**Exercise materials**
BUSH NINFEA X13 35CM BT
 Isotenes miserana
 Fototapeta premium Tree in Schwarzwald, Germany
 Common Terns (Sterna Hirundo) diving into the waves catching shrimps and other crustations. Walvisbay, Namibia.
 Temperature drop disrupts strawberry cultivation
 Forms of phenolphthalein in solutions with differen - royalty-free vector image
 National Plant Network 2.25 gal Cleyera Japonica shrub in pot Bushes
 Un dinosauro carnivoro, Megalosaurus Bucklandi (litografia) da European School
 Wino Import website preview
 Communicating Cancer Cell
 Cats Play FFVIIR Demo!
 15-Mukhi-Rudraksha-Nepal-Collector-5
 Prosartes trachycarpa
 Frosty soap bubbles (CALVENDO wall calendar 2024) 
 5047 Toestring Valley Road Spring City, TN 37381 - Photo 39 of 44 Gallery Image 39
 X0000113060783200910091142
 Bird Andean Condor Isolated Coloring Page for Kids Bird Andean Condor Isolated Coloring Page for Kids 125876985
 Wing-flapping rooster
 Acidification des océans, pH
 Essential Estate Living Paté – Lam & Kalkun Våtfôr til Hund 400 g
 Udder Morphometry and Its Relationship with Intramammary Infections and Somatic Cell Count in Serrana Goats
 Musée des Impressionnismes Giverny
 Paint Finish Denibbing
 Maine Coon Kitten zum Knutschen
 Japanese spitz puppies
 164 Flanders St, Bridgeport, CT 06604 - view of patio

**Problem description**
Only the number is wanted: how many lines of these entries contain the string "with"?

**Written solution**
2